Catherine Ann Fish (1823–1904) was the daughter of abolitionist, Fourierist Utopian, and later Spiritualist pioneer Benjamin Fish. Some sources record her given name as Catharine. She grew up in Rochester, where she was educated in Quaker schools, gathered signatures for antislavery petitions, and urged male visitors to the Fish home to sign anti-tobacco pledges. In 1844, Catherine moved with her family to the Sodus Bay Phalanx in what is now Alton. The Phalanx was a short-lived Fourierist Utopian community, of which her father Benjamin was president.
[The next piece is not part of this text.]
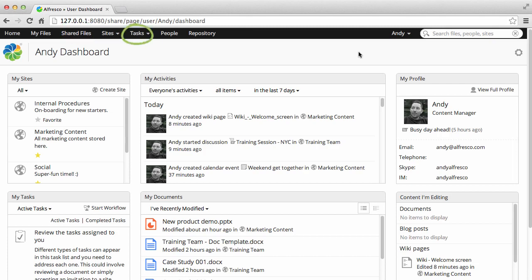You can add and assign tasks or search for people by clicking those options, and you also have a sites menu.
Circa 1845, she met Giles Badger Stebbins (1817–1900), aged 28, a former resident of a Massachusetts Fourierist colony who had moved to Rochester. A close associate of leading Rochester abolitionists Isaac and Amy Post, his commitment to reform work echoed Catherine's own. The two were wed at the Sodus Bay Phalanx on August 17, 1846, her twenty-third birthday. Their wedding may have been controversial; Giles was a Unitarian and Catherine a Quaker. Some historians speculate that discord over this “mixed marriage” may have hastened the Phalanx’s collapse and Benjamin Fish’s departure from its leadership. But in fact, the Phalanx had already collapsed by the wedding date, and Benjamin had stepped down as its leader on April 17, having wound down the Phalanx’s tangled affairs. Holding the wedding there must have been a matter of sentiment for Catherine.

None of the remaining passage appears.